China's economic reform was also touched upon.
How the countries handle these issues, not just the defence zone, would be a test for the "new model" relationship, said Zhu Feng , a professor of international relations at Peking University.
"The most important thing for this new model of relationship is trust, and figuring out each others' bottom line, and a better communication system," Zhu said. "The fact that they talked for more than five hours, which is unusual, indicates that they have quite a pragmatic approach in handling problems."
Biden on Wednesday talked of his personal relationship with Xi and said he was impressed by the Xi's candour and constructive approach in developing the new relationship. Many believe this will help ties.
But Orville Schell, a China watcher and the Arthur Ross director of the Centre on US-China Relations at Asia Society, is less hopeful of bilateral relations yielding much progress while China continues to adopt a muscular and aggressive approach.
"I don't think this relationship [Biden's personal relationship with Xi] is going to resolve problems created by China trying to flex muscles that make others nervous and upset," he said.
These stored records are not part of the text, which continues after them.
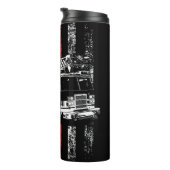 Engine Over Thin Red Flag Thermosbecher (Nach rechts gedreht)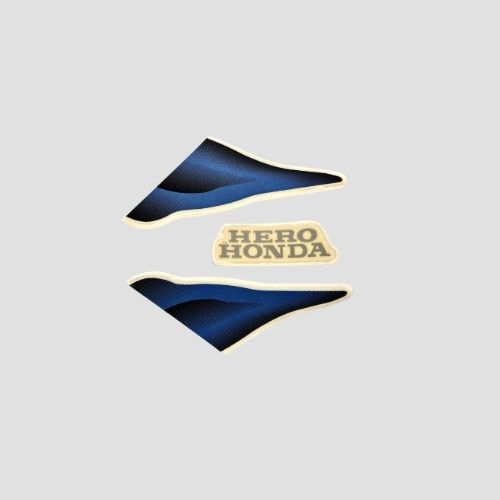 Reliable Stckr H.L.Firing Glamour N/M [Blk Tank-Blue] for Hero Two-wheelers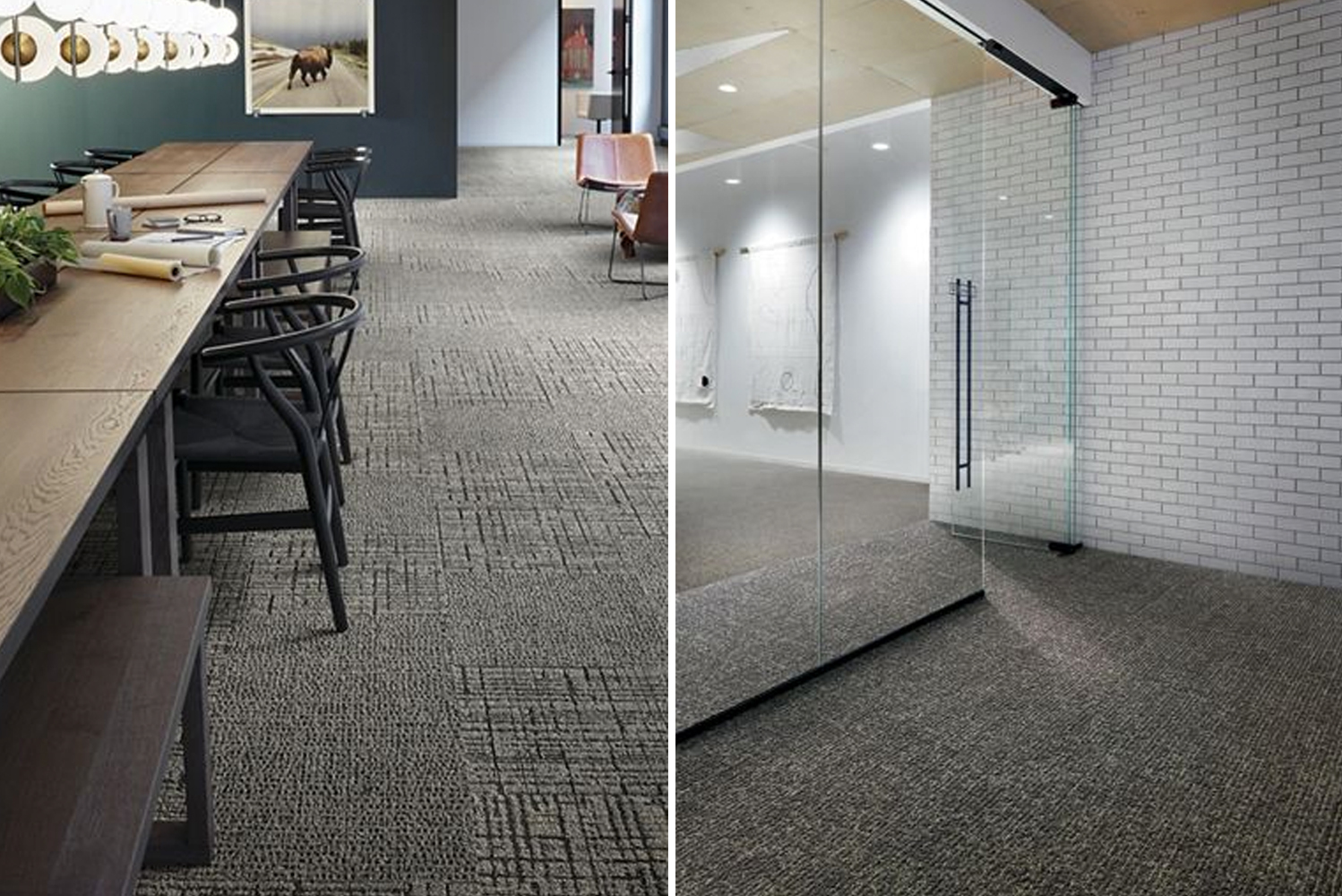 Interface launched Second story a new collection of carpet tiles Four 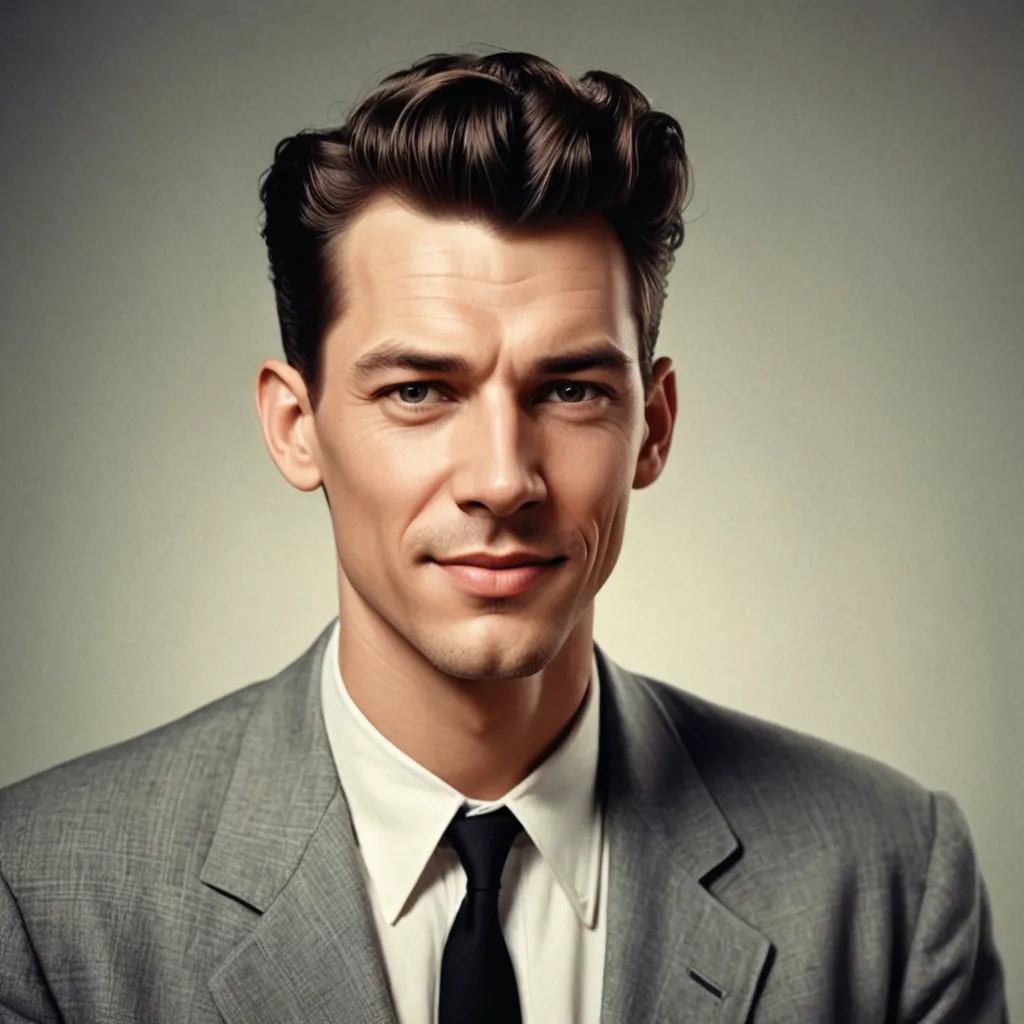 Cartoon in the 50s Photo Style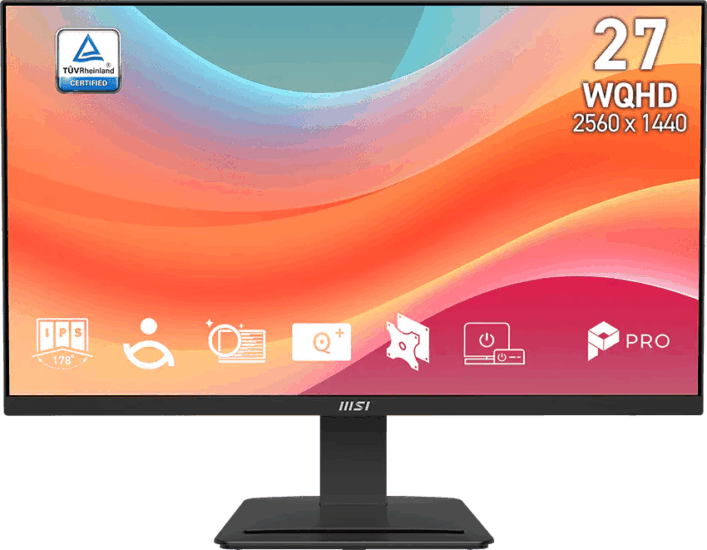 MSI 27" Business PRO MP273Q E7 16:9 WQHD IPS Gaming Monitor - Fekete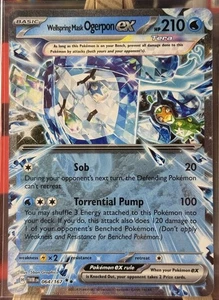 Pokémon Wellspring Mask Ogerpon ex 064/167 TWM Twilight Masquerade NM - Picture 1 of 10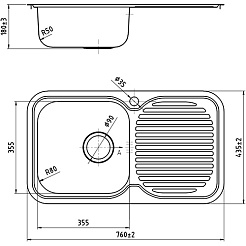 Iddis  Мойка из нержавеющей стали Strit STR76PLi77 полированная – фотография-3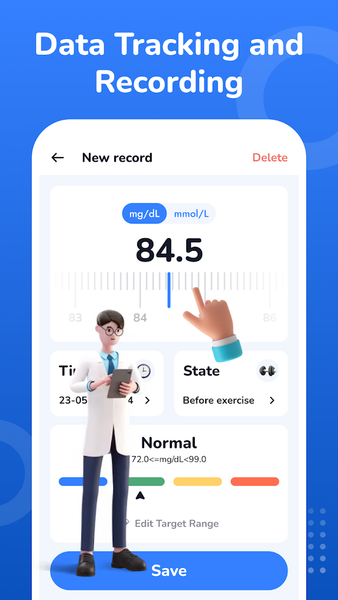 Blood sugar:track and analyze - عکس برنامه موبایلی اندروید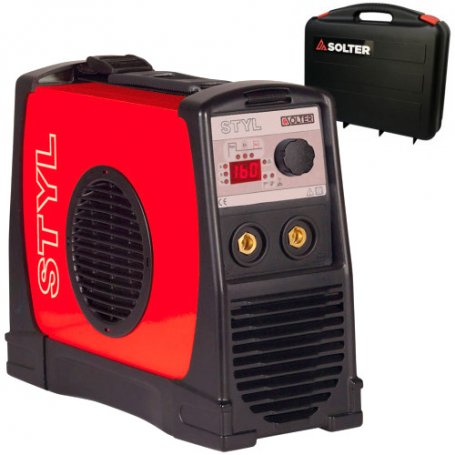 Welder inverter Solter 185 + briefcase STYL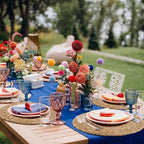 Kochorie Set of 12 Round Woven Placemats 15 Inch Bulrush Placemats Natural Handwoven Boho Rattan Wicker Table Mats for Farmhouse & Home Dining - Image 5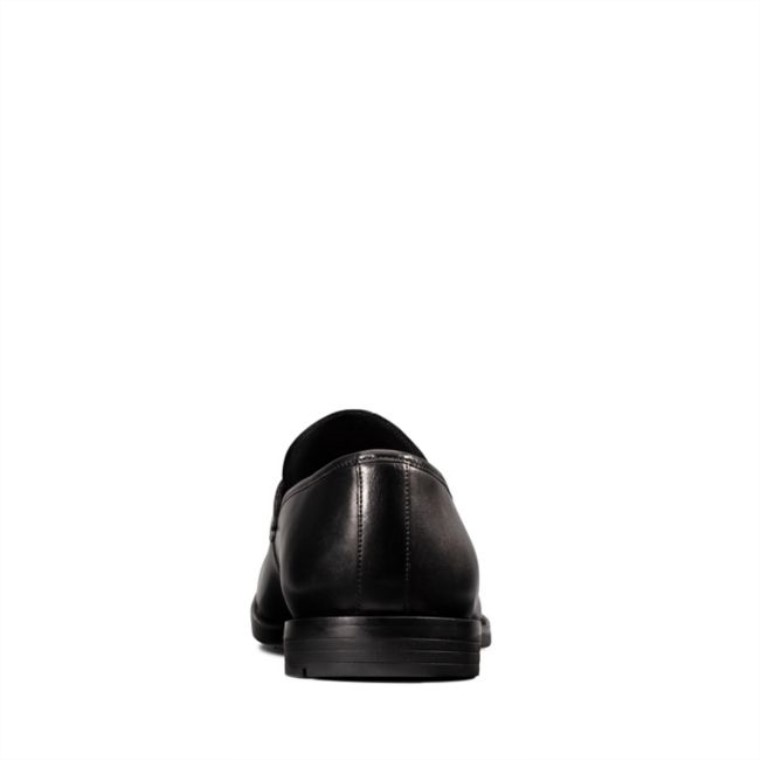 Clarks Ronnie Step Cuero Negro Cuero Negro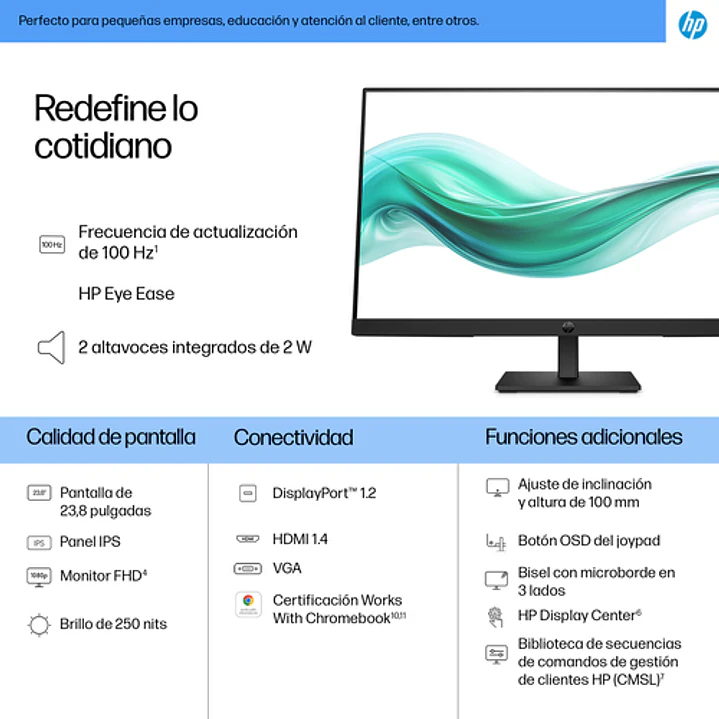 Monitor HP Serie 3 Pro 324ph 23.8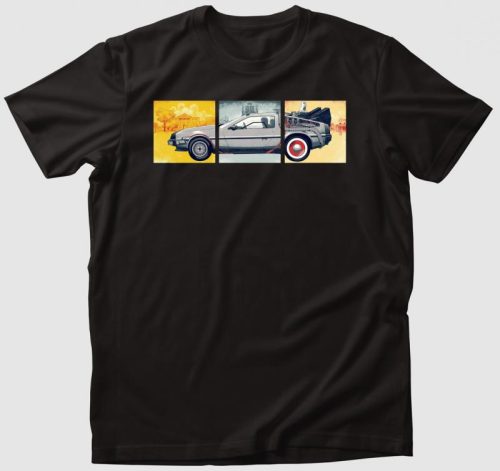 DeLorean póló, Fekete | M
The new model could be the correct formula, "but it's only a hope," he said. A breakthrough as important as former US president Richard Nixon's visit to China in 1972 was needed to translate that hope into something concrete, Schell added. "I am afraid it's not going to happen soon."
China's establishment of the ADIZ late last month has been criticised by the US and Asian neighbours as "provocative" and "destabilising". The zone overlaps with territories contested with other neighbours, in particular the set of controversial islands known as Diaoyu in China and Senkaku in Japan.
Tokyo has reacted fiercely by demanding Beijing rescind the new zone and asked its civilian airlines not to comply with the Chinese rule that requires all aircrafts to report flight plans in advance before entering the zone or risk facing the consequences.
Many in Japan hoping for a more forceful denouncement of China from Biden were let down, experts said. "I think Tokyo was disappointed … But I think Biden was realistic because we cannot expect that China will agree to withdraw the ADIZ. On the other hand, since the US allows US airlines to report to Beijing, the US has less leverage on China," said Tetsuo Kotani, a research fellow at the Japan Institute of International Affairs.
Many Chinese experts see this as a diplomatic setback for Japan. "The US is sending a message to Japan saying I don't want to be hamstrung by your demand to rescind China's ADIZ. It's telling Japan not to make a big fuss about it, and not to always hide behind the US," said Richard Hu Weixing, an international expert at the University of Hong Kong.